Hello;
I‘m running the real_time_object_detection program,and the problem is :D:\python3.5.2\Model\object-detection-deep-learning>python real_time_object_detection.py --prototxt=MobileNetSSD_deploy.prototxt.txt --model=MobileNetSSD_deploy.caffemodel
[INFO] loading model...
[INFO] starting video stream...
Traceback (most recent call last):
File "real_time_object_detection.py", line 44, in
frame = imutils.resize(frame, width=400)
File "C:\Anaconda3\lib\site-packages\imutils\convenience.py", line 69, in resize
(h, w) = image.shape[:2]
AttributeError: 'NoneType' object has no attribute 'shape'
the code is:
import the necessary packages
from imutils.video import VideoStream
from imutils.video import FPS
import numpy as np
import argparse
import imutils
import time
import cv2
construct the argument parse and parse the arguments
ap = argparse.ArgumentParser()
ap.add_argument("-p", "--prototxt", required=True,
help="path to Caffe'deploy'prototxt file")
ap.add_argument("-m", "--model", required=True,
help="path to Caffe pre-trained model")
ap.add_argument("-c", "--confidence", type=float, default=0.2,
help="minimum probability to filter weak detections")
args = vars(ap.parse_args())
initialize the list of class labels MobileNet SSD was trained to
detect, then generate a set of bounding box colors for each class
CLASSES = ["background", "aeroplane", "bicycle", "bird", "boat",
"bottle", "bus", "car", "cat", "chair", "cow", "diningtable",
"dog", "horse", "motorbike", "person", "pottedplant", "sheep",
"sofa", "train", "tvmonitor"]
COLORS = np.random.uniform(0, 255, size=(len(CLASSES), 3))
load our serialized model from disk
print("[INFO] loading model...")
net = cv2.dnn.readNetFromCaffe(args["prototxt"], args["model"])
initialize the video stream, allow the cammera sensor to warmup,
and initialize the FPS counter
print("[INFO] starting video stream...")
vs = VideoStream(src=1).start()
time.sleep(2.0)
fps = FPS().start()
loop over the frames from the video stream
while True:
# grab the frame from the threaded video stream and resize it
# to have a maximum width of 400 pixels
frame = vs.read()
frame = imutils.resize(frame, width=400)
# grab the frame dimensions and convert it to a blob
(h, w) = frame.shape[:2]
blob = cv2.dnn.blobFromImage(frame, 0.007843, (300, 300), 127.5)

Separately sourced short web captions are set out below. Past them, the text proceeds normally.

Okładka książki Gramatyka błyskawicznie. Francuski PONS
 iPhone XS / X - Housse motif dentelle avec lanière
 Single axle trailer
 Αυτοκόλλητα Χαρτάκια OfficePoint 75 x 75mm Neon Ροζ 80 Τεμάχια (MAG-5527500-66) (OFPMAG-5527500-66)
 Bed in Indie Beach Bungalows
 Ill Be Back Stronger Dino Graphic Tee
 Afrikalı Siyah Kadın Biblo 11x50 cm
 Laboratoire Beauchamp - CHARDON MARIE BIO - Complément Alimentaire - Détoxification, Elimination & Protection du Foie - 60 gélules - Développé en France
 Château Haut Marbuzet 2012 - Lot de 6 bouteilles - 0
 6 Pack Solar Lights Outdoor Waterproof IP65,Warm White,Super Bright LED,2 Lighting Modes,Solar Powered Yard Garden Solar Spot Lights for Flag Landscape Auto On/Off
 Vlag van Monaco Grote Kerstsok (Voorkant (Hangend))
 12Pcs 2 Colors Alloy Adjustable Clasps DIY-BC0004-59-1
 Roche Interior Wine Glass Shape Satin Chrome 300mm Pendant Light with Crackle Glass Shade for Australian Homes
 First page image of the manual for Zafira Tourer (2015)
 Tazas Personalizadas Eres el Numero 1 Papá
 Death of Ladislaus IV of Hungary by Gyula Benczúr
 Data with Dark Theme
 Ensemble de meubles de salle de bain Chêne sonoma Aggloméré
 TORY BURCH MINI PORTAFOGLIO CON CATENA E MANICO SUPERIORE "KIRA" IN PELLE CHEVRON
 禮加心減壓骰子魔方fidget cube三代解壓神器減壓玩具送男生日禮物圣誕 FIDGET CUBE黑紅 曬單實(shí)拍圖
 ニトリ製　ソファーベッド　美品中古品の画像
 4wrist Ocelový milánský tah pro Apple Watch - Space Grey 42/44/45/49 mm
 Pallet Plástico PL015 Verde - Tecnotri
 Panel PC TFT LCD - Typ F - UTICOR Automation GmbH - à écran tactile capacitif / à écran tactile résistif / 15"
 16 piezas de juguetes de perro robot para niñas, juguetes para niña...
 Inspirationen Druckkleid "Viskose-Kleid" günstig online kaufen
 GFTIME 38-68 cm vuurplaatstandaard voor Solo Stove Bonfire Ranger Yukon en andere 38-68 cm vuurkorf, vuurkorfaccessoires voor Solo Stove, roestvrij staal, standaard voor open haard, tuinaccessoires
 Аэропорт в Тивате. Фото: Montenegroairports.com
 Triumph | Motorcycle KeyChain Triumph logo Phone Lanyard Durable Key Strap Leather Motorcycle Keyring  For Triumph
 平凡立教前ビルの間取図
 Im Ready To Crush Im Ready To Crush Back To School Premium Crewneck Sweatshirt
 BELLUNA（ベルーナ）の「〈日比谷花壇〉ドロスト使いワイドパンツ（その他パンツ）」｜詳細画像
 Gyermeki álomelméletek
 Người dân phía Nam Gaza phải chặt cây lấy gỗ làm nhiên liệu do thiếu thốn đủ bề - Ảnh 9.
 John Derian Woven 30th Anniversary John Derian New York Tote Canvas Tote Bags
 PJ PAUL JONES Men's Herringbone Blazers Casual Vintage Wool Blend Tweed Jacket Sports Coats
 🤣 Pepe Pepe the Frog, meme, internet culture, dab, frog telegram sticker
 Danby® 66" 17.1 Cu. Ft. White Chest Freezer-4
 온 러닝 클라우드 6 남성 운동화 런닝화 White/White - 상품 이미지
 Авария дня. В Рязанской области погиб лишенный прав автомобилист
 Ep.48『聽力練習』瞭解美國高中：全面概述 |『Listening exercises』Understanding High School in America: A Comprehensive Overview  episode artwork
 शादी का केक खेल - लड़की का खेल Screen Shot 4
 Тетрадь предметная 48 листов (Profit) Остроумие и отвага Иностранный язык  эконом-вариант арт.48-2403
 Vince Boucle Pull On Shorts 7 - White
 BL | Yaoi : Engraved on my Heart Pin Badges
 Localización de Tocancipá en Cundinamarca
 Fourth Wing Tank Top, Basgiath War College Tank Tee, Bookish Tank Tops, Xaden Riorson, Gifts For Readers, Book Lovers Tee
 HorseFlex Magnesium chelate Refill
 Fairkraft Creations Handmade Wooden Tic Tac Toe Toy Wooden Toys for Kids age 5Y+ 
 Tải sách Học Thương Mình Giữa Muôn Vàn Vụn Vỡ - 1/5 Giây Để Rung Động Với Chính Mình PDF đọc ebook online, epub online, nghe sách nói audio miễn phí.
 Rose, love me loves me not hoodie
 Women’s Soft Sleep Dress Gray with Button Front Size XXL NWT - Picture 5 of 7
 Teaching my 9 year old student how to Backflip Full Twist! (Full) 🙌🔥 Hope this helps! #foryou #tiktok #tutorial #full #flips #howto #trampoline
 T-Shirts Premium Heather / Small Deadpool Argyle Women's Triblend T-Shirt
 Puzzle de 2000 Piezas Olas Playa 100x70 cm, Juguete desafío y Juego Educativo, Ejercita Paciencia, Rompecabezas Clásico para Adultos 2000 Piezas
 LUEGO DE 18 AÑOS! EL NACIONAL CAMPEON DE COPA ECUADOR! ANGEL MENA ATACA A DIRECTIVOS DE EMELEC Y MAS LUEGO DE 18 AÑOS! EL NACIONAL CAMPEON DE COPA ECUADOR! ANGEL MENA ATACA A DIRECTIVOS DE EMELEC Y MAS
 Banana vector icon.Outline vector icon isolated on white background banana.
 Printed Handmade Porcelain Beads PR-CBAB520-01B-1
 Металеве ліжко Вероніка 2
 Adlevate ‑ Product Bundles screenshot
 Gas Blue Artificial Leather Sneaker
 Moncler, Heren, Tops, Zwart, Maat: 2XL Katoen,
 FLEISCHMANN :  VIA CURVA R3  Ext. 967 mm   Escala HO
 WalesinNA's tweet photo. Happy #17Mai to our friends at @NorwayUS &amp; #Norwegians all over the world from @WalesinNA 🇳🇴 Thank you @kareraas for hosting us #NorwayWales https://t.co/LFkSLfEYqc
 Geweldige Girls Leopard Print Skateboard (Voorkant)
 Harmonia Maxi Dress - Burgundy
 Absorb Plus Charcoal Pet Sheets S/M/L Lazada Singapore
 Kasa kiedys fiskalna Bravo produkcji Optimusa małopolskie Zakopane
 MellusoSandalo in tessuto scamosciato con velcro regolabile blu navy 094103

# pass the blob through the network and obtain the detections and
# predictions
net.setInput(blob)
detections = net.forward()
loop over the detections
for i in np.arange(0, detections.shape[2]):
# extract the confidence (i.e., probability) associated with
# the prediction
confidence = detections[0, 0, i, 2]
# filter out weak detections by ensuring the `confidence` is
# greater than the minimum confidence
if confidence > args["confidence"]:
# extract the index of the class label from the
# `detections`, then compute the (x, y)-coordinates of
# the bounding box for the object
idx = int(detections[0, 0, i, 1])
box = detections[0, 0, i, 3:7] * np.array([w, h, w, h])
(startX, startY, endX, endY) = box.astype("int")
# draw the prediction on the frame
label = "{}: {:.2f}%".format(CLASSES[idx],
confidence * 100)
cv2.rectangle(frame, (startX, startY), (endX, endY),
COLORS[idx], 2)
y = startY - 15 if startY - 15 > 15 else startY + 15
cv2.putText(frame, label, (startX, y),
cv2.FONT_HERSHEY_SIMPLEX, 0.5, COLORS[idx], 2)
show the output frame
cv2.imshow("Frame", frame)
key = cv2.waitKey(1) & 0xFF
# if the `q` key was pressed, break from the loop
if key == ord("q"):
break
# update the FPS counter
fps.update()
stop the timer and display FPS information
fps.stop()
print("[INFO] elapsed time: {:.2f}".format(fps.elapsed()))
print("[INFO] approx. FPS: {:.2f}".format(fps.fps()))
do a bit of cleanup
cv2.destroyAllWindows()
vs.stop()
may be the problem is it didn't active the camera when I was running “vs = VideoStream(src=1).start()”?
appreciated for helping me,Thank you.